The crossing to Nanaimo on Vancouver Island took about an hour and a half. It was nothing less than spectacular. Equally beautiful was the Island's coastline bearing North along Highway 19 and passing through the sea-side towns of Parksville, Qualicum Beach and Fanny Bay. When glancing to your right, you see the breathtaking views of the Georgia Straits and the western coastline of the BC mainland still relatively untouched by man for the most part. The Pacific generally appears calm compared to the choppy white-caps of the Atlantic surrounding the shores of Great Britain. While surrounded by the awesome beauty of nature its important not to become distracted when riding on the highway. I was happily enjoying the sights when I noticed a large eagle soaring high in the sky before me. It just didn't look right and it gave me the creeps. Suddenly, he assumed a dive-bomber approach aiming directly for me. This was no ordinary eagle. The closer he got the bigger he became. He was the big granddaddy of all Eagles. He came directly for me with his wingspan reaching practically from one side of the highway to the other and with talons outstretched as if to pluck me from my bike. However, a cool head and simple physics prevailed. Even if he did have the strength to lift my body-weight of 165 lbs there was no way he could possibly lift both me and my 600 lbs Harley. Consequently, I held on to my bike very tightly while he skimmed the top of my windshield and veered upwards and away. I'm glad I didn't end up in that eagle's nest having my eyes picked-out for his supper. The City of Campbell River was our last major stop before heading on to Port Hardy and the Northern Ferry Terminal. Campbell River was most impressive due to its shoreline displaying a hundred or more Totem Poles newly crafted by the very talented Indians of that area.

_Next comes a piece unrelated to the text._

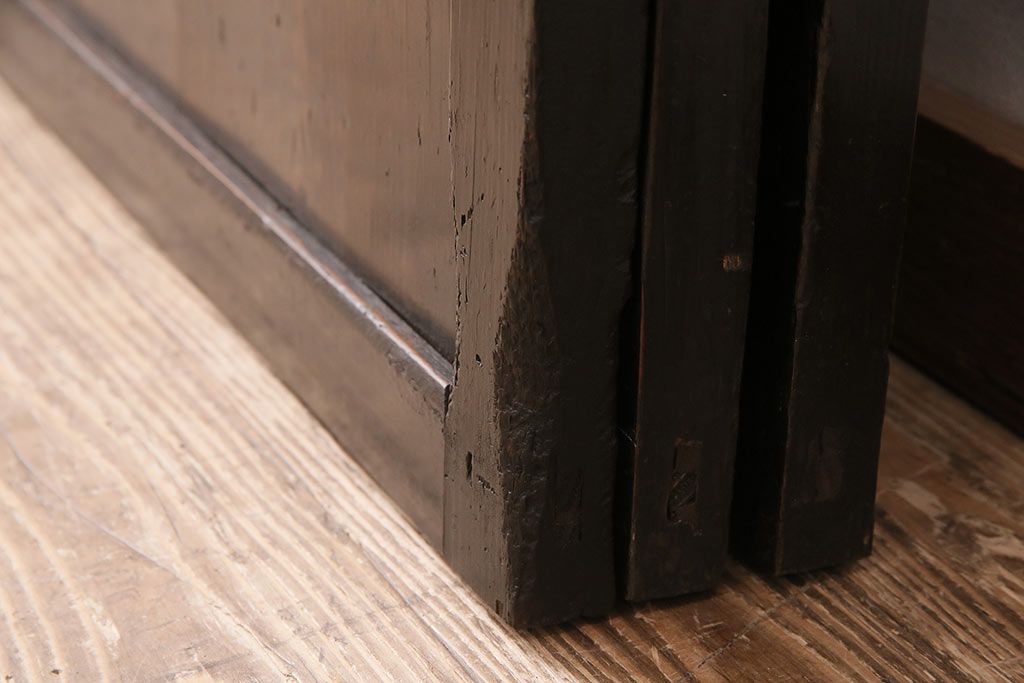 格子帯戸3枚をリペア&カスタム!設置場所に合わせてリサイズ。すりガラスへ入れ替え。濃い茶色で着色し仕上げ。(引き戸、建具)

Leaving the Airport Inn Motel at 5:00am for the Port Hardy Ferry Terminal was somewhat challenging. It was pitch black, foggy with heavy dew and with light rain. Visibility was limited. GPS (SAT/Nav) was helpful in finding it. Finally....What a treat! It was a scene right out of the twilight zone. Dozens of tall, powerful lamp-posts illuminated the entire harbour. The artificial light amplified the effects of the fog even more resulting in everything having an eerie, ghostly appearance. But, best of all, I found myself looking down the jaws of our ship - The Northern Expedition. Its bough was wide-open and cranked-up vertical fully exposing the vehicle decks (see photo). It was a “Ghost Ship” right out of a Hollywood movie. It was a lengthy wait before departure and during that time over fifty motorcycles arrived. It was a show better than the Vancouver motorcycle show. I was talking to a husband and wife from the States each riding similar BMW motorcycles. I was asking her what did she do for a living. I was surprised when she replied. “I'm a pilot. I fly the Airbus 330 from America to Europe and back”. So you see – you never know what type of classy people you meet on these biking adventures.